- **ACTIVITY**: Go to the line holding "沧州校园弹钢琴景观铜雕" in the data below and repeat it exactly, then each line after it up to and including the one holding "Muscular Man Lifting". Omit pictures.

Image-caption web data
----

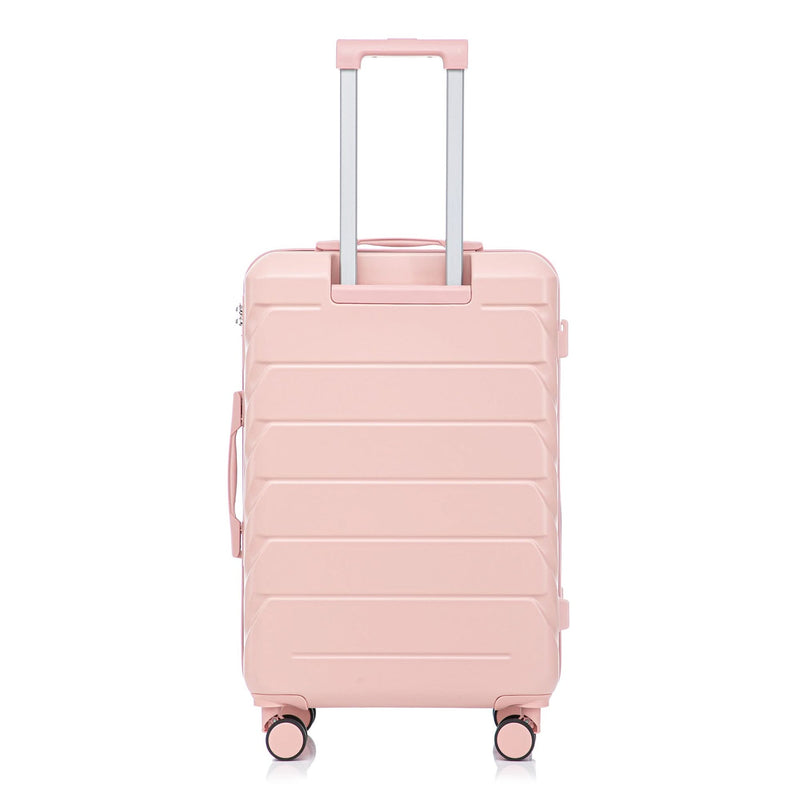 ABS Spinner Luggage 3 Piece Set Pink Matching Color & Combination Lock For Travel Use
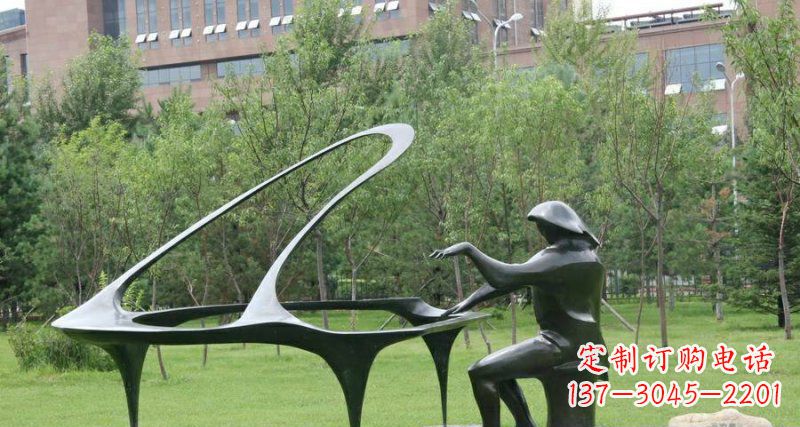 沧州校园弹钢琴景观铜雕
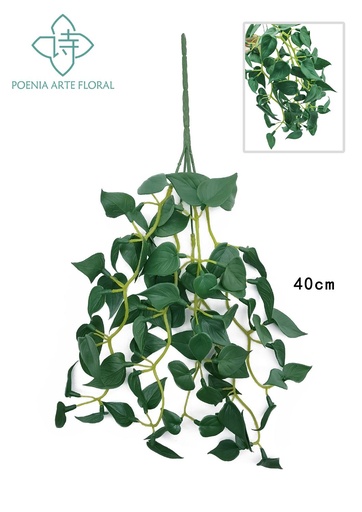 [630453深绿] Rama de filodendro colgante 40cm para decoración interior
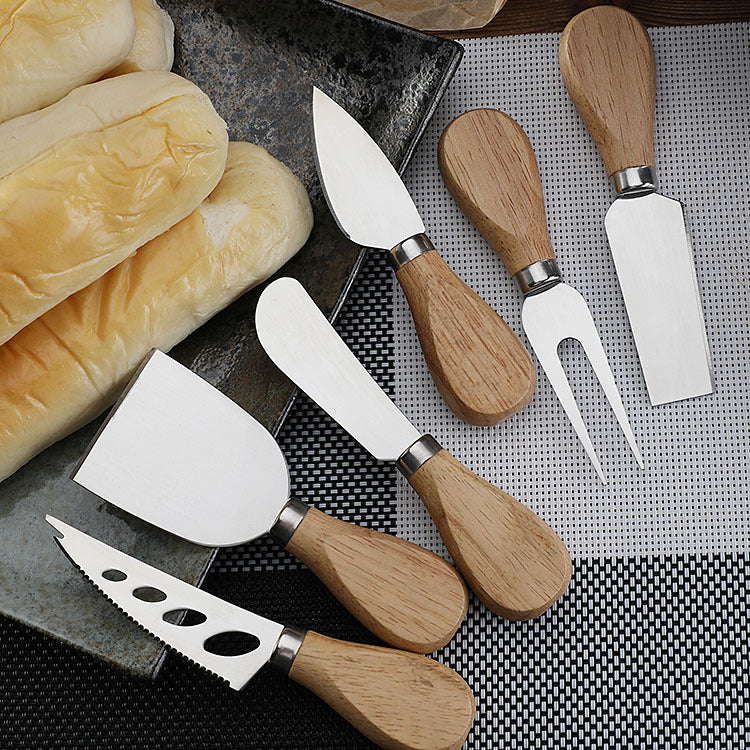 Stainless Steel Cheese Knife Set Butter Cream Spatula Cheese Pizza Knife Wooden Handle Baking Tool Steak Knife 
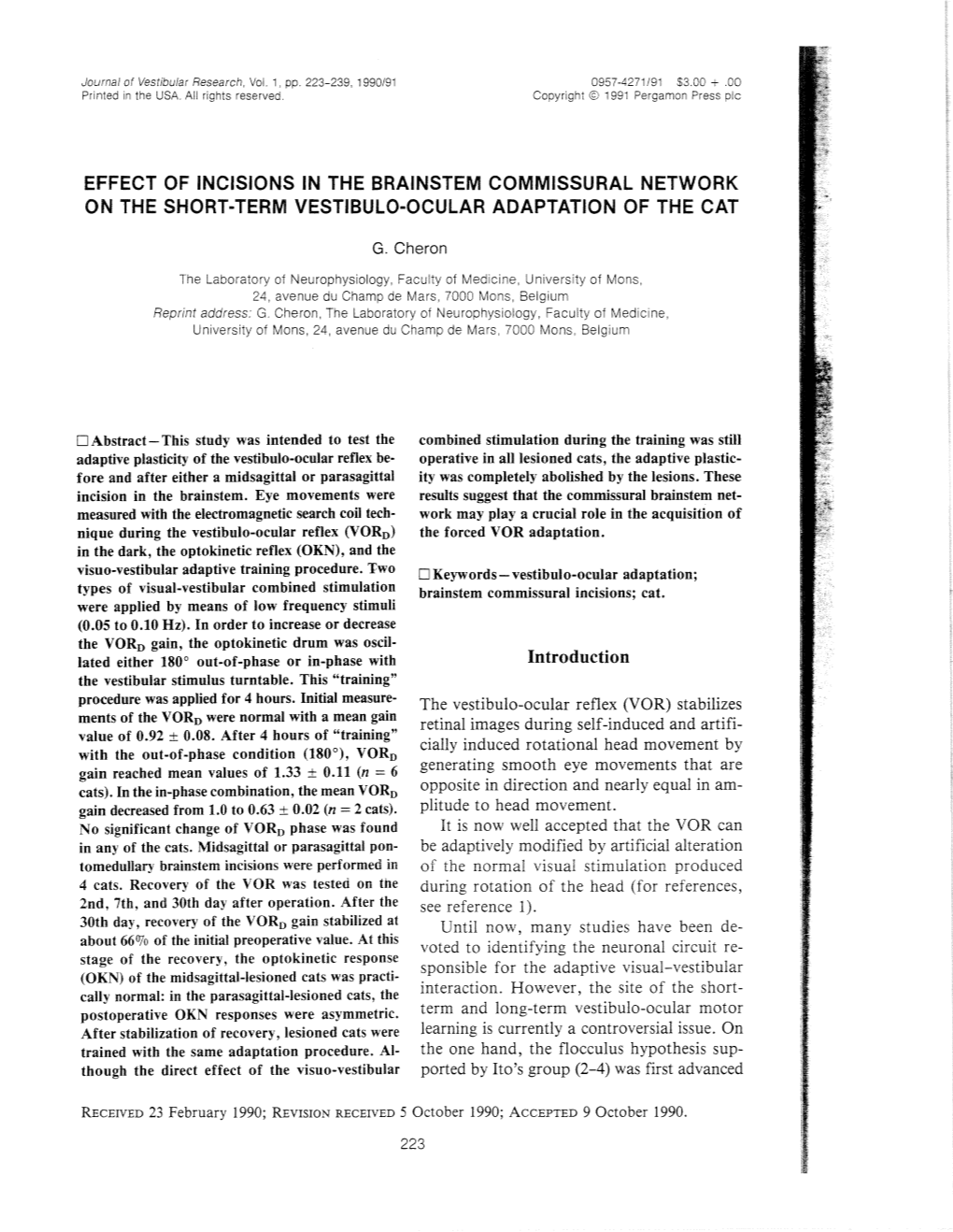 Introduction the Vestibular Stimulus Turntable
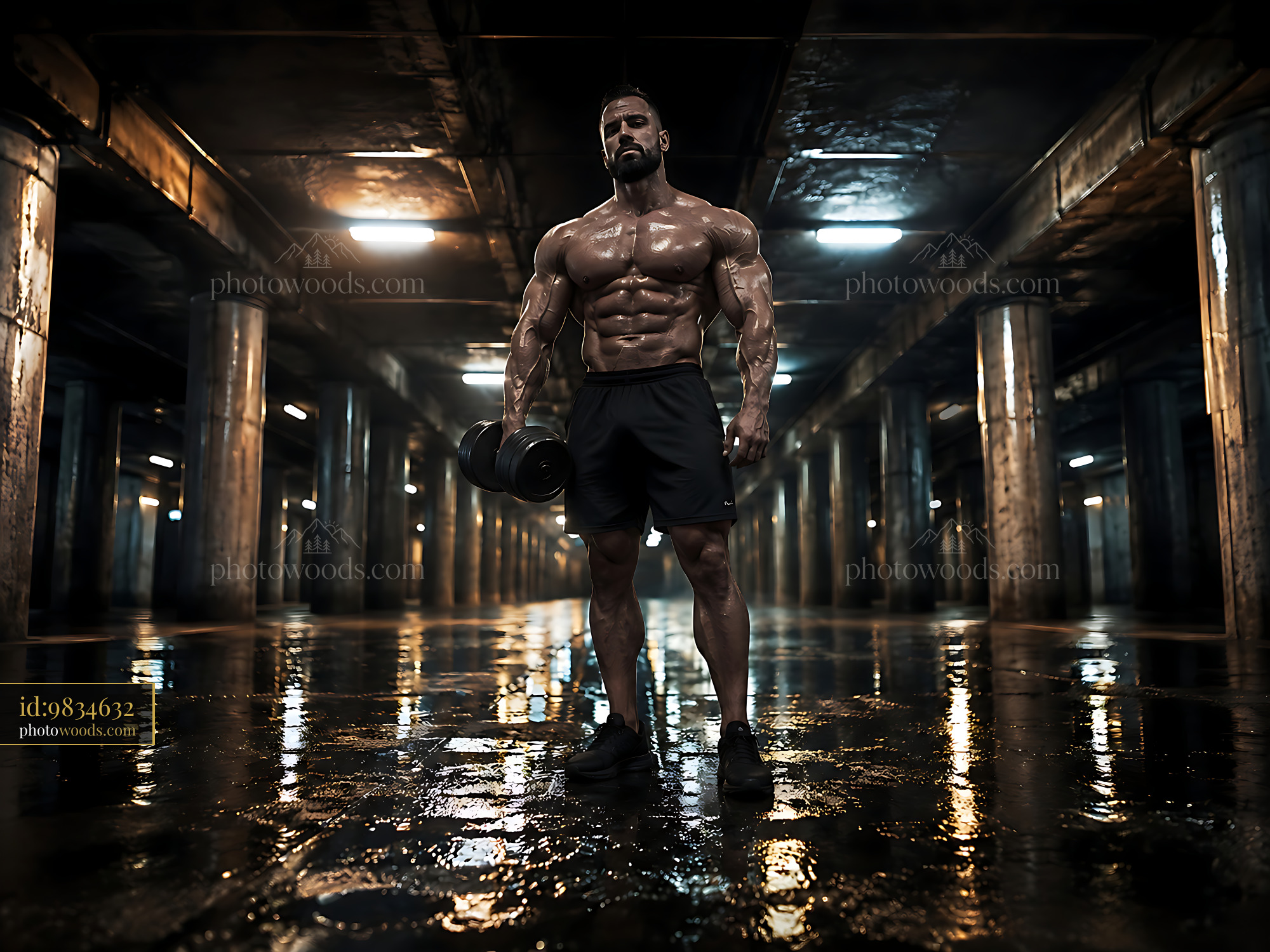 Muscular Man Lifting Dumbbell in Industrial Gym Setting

----

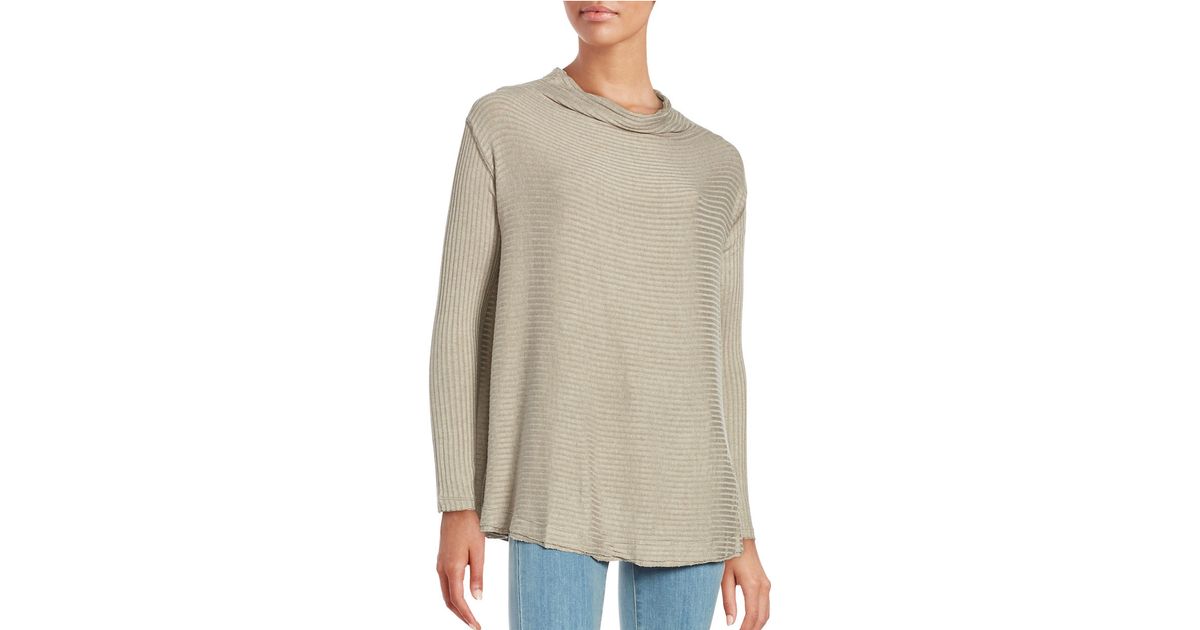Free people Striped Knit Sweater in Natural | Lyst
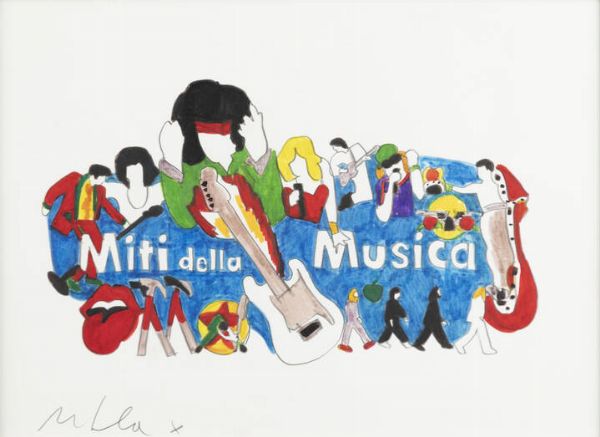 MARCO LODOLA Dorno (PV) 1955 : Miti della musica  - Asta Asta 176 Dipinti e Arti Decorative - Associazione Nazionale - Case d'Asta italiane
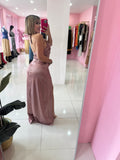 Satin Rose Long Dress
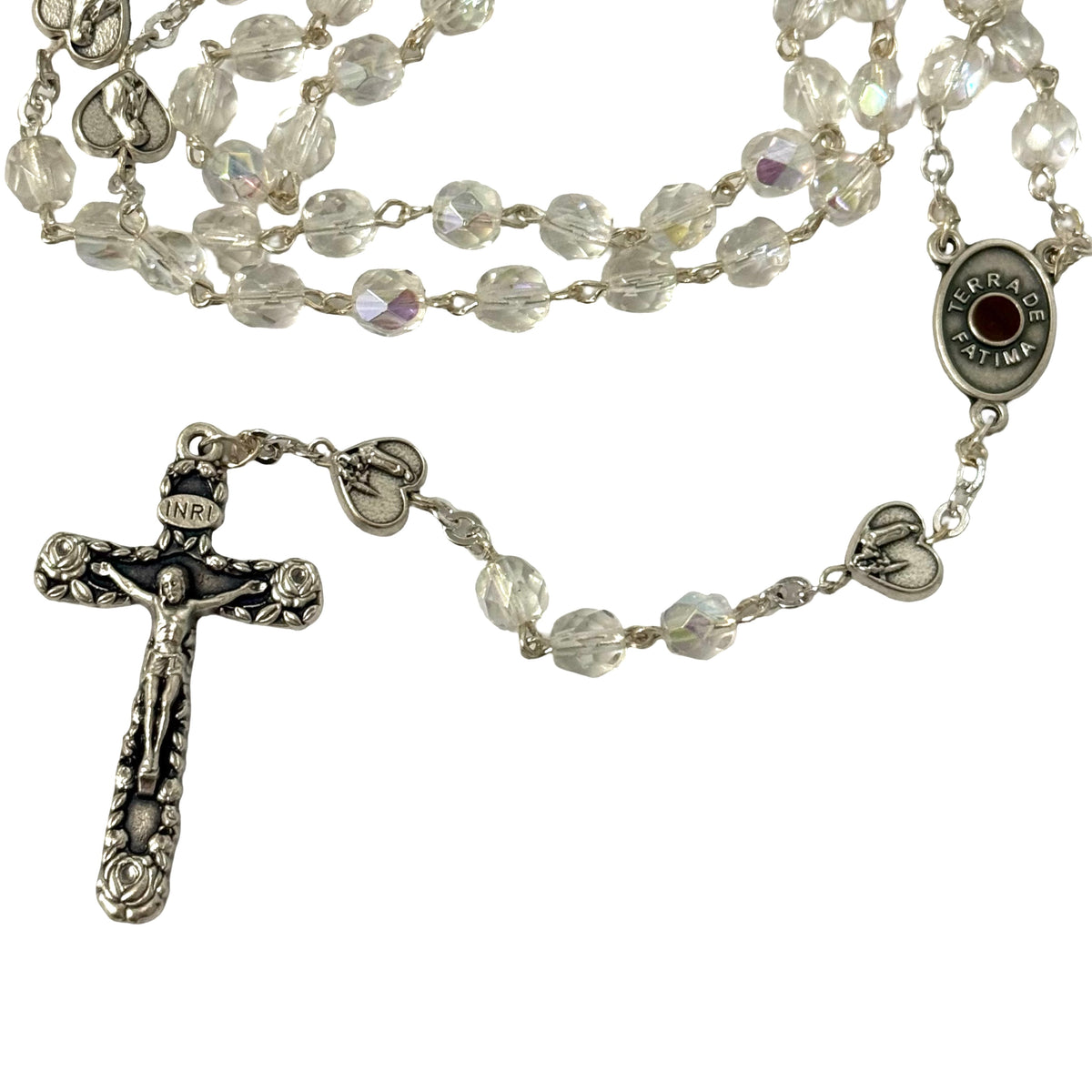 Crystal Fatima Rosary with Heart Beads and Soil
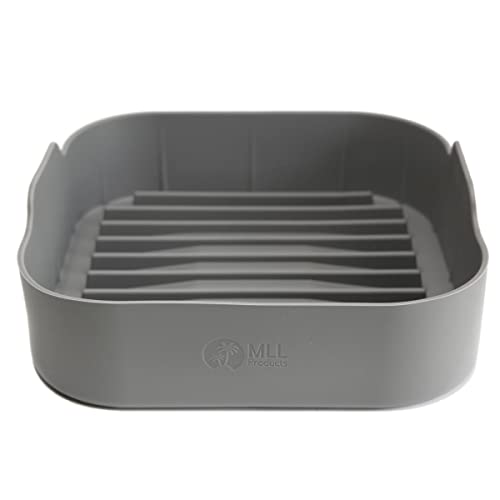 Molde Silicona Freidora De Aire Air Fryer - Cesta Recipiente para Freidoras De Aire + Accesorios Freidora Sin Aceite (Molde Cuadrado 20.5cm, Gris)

----

- **RESULT OF THE TASK**:
 沧州校园弹钢琴景观铜雕
 [630453深绿] Rama de filodendro colgante 40cm para decoración interior
 Stainless Steel Cheese Knife Set Butter Cream Spatula Cheese Pizza Knife Wooden Handle Baking Tool Steak Knife 
 Introduction the Vestibular Stimulus Turntable
 Muscular Man Lifting Dumbbell in Industrial Gym Setting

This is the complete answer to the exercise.